Rezabek, who’s already been on the job several weeks, called his appointment to serve out Kelly’s term and his re-appointment to a full term Tuesday “the thrill of a lifetime.”
“It is a great group of people. The party politics is checked at the door. They come in and work extremely hard,” he said. “I’ve seen already, they want me to succeed, because if I succeed, they’re succeeding ... If we’re successful, then we’re protecting everybody’s rights and making sure everybody’s vote counts.”
Greathouse said she looks forward to the new role, which also comes with great responsibility.
“The Montgomery County Board of Elections has a long history of executing excellent elections and I look forward to the opportunity to continue that tradition,” she said.
Greathouse helped implement the county’s new voting system and Rezabek has been a longtime Board of Elections rover-troubleshooter, Harsman said.
Rezabek’s salary will be $127,504; Greathouse’s salary increases to $95,014 from $60,008.
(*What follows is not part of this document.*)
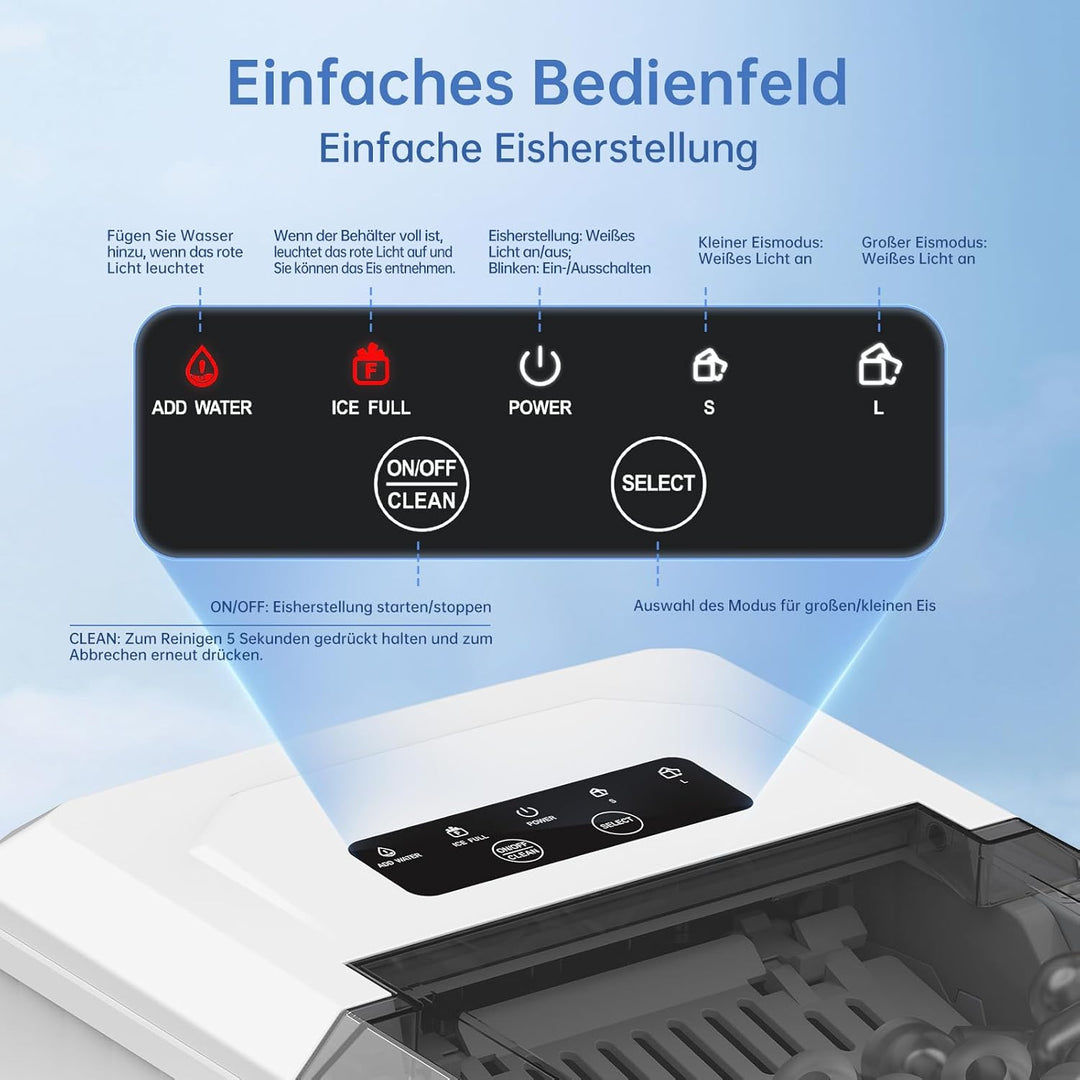 WIE Eiswürfelmaschine 12KG Eiswürfelbereiter Ice Maker, 9 Würfel in 6 Minuten fertig, Eiswürfelmasch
Harsman said Rezabek may have a “steeper learning curve” but said he will be a quick study due to his experience with the county’s past and current voting systems as well as his judicial and legislative background.
Rezabek admits he needs to “get up to speed” on some of the behind-the-scenes duties of the county’s top elections official, but is working alongside a seasoned Montgomery County team that “was the envy of the state and maybe even the nation” during last November’s presidential election, he said.
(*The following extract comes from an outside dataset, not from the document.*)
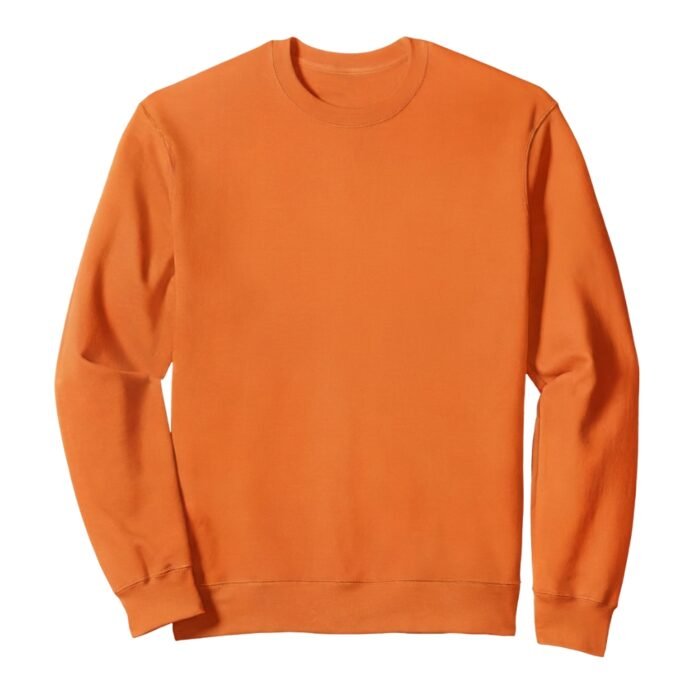 Orange men’s crewneck sweatshirt laid flat on a white background in a front view with long sleeves.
With a budget of roughly $3.5 million, the Board of Elections currently has 26 year-round employees as well as 40 seasonal staff positions along with up to 2,000 precinct officials who work the elections, according to the county.
Both Rezabek and Greathouse will be appointed Tuesday to two-year terms by the four-person elections board, which will also get a new Republican member Tuesday.
Thomas A. Routsong will replace Kay Wick on the board and begin serving a four-year term along with Democrat Kurt Hatcher, who will be reappointed to the board, which must have an equal number of Republicans and Democrats.
Rhine McLin, a Democrat and current board chair, and Republican member Elaine Herrick are in the middle of four-year terms that began in 2019.
Also on Tuesday, the board chair will be selected. Ohio Law requires the chair and director to be of opposite parties.
Combatting disinformation and guarding against cybersecurity threats is an effort that includes the work and cooperation of the Ohio Secretary of State’s Office to vendors to county elections staff, Greathouse said.
“As a state, we are a team and it is important that we all move forward together as a group, because good elections everywhere are good for voters everywhere,” she said.
In addition to helping train the new director and deputy director, Harsman said the elections board will be confronted later this year with reapportionment work, which will take place months later than usual as the U.S. Census Bureau has delayed the release of redistricting data.
Kelly was named Montgomery County Board of Elections director in July 2013. She had served as the board’s finance director and prior to that, was a regional liaison for the Ohio Secretary of State’s Office. Harsman has been at the board of elections nearly 31 years and for the past 22 years has been either director or deputy director.